Digital journalism and the rise of the touch tablet


The old business model of newspapers is toast. We all know it. Its just some can’t quite fathom it yet. You see it daily at most newspapers–where classified, real estate and auto advertising has been sucked in to the black hole of the Internet. In response, massive cost cutting and layoffs have created print publications that are shells of their former selves.

For years, newspaper industry bloggers have been documenting this ongoing tragedy–one layoff announcement after another. They have debated incessantly who’s to blame, where the future of journalism is going and who will be left to pick up the pieces. The hand wringing has been intense. I admit my sweaty palms have been there with the best of them.

Stepping away from the scrum, I am starting to see the big picture of where the  future of digital journalism is heading.

I consider myself a keen people observer. I used to love sitting in a coffee shop and watch how somebody read the newspaper. How long did they look at my front-page photo? What? Only three seconds! Damn.

Lately, I’m not seeing many people reading newspapers in coffee shops or anywhere else for that matter. What I am seeing, is the screenager generation–now grown up—typing into their cell phones, texting incessantly to “friends.”  Look around you. Go to anyplace where there are a lot of people. How many have a phone to their ear, or are walking and texting?  Cell phones have become a necessity of life now. The handset makers are all too aware of this. Feature creep is accelerating. As cell phones grow smarter, users are fawning all over the new technology.

Smartphone sales have gone white hot. iPhones, Palm Pre’s and Android devices with the added value of applications and web browsers are changing how we use our cell phones.

I am a recent convert to the iPhone 3GS. Where on most days I wanted to throw my old Palm Treo against a brick wall, I now enjoy using my iPhone. It is not just a phone to me; it is a place where I get most of my news. I check my twitter feed application constantly. If there is breaking news in my community, I will know it. I have a dozen mobile news apps—AP, USA Today, BBC, New York Times, etc. My iPhone has become my connection with what’s going on in the world—and it’s all in my pocket.

How we get our news is changing. It’s subtle, but it is happening. News consumers are slowly turning away from print and TV and are now moving toward web enabled mobile devices. The smart phone is only the start. Amazon’s Kindle reader is the forerunner to future tablet web devices.  These touch enabled tablets could seal the deal by forcing print journalism to go mostly digital.

Some cool prototypes have been making the rounds. But the rumor of the mythical Apple tablet is what makes me wonder if this will be the disruptive technology that sends print newspapers down the black hole for good.

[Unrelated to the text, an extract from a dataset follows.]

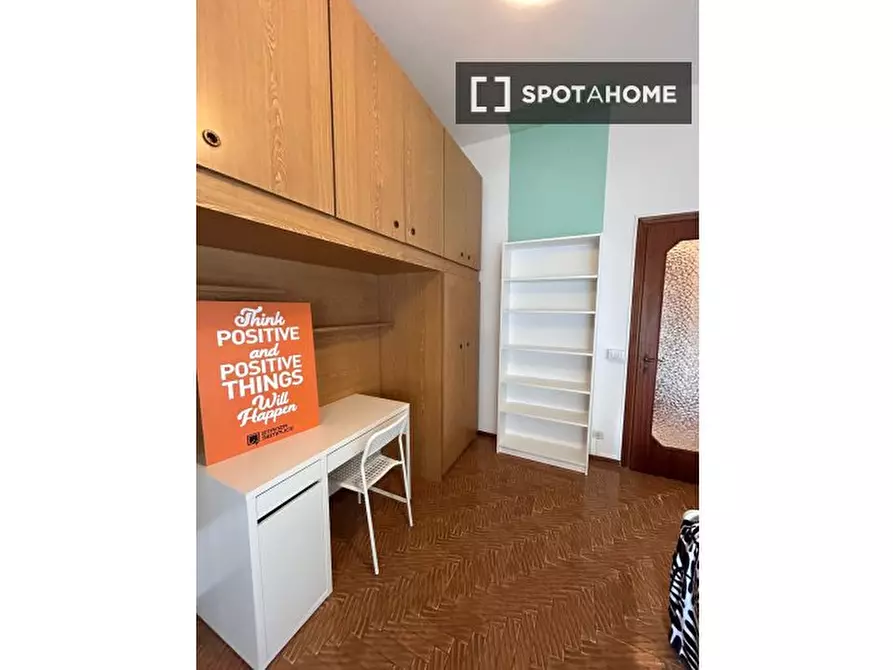 Immagine 4 di Camera condivisa in affitto  in Franzinetti a Brescia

Stay with me here. I had some time to kill at a photo assignment yesterday. For an hour I browsed the Internet on my iPhone. My 47-year-old eyes struggled to read the text. If only my iPhone was 2 or 3 times the size. I would be able the browse with out squinting. A touch enabled tablet, with an unlimited data plan would allow me to view text, multimedia and video in ways the smart phone struggles with today. I think of the applications of a tablet for photojournalists. Being able to download photos from their cameras to a tablet, then quickly tone, caption and send them back to the newspaper would be great. Having to lug a laptop in the field is  true pain. This is a market segment that is only getting started.  It has the strong potential to disrupt not only newspapers, but magazines as well.

Consumers, if they embrace these new touch-tablets, will have their news pushed to them at lightening speed. They will be connected to everyone and everything. They will choose how to shape their digital lives by deciding what news feeds and publications to subscribe to.

So where does that leave present day print journalism? It will soon be vastly different than it is today. Where mainstream media outlets have shed their most talented people, those same workers are going to be the ones that will build the new journalism of the future. My guess is that it will be built around these new web tablets and handset devices. Monetizing the content will be foremost on the minds of these new digital publishers. Freed from the cost of presses, ink and newsprint, a new publishing model will develop.

News content is going to change too. Web tablets are not just text readers, but will be multimedia hubs. Music, video, photos, animation, and interactive graphics and yes , games,  are going to be what consumers will gravitate to. New high-speed 4G cell phone networks are now being rolled out. Soon the pipes for all this future multimedia content will open wide. It will change how journalists tell their stories. For many of today’s journalists, this new paradigm will be the deal breaker. For others, these new opportunities will present unique challenges that will drive the future of digital journalism to new and exciting heights.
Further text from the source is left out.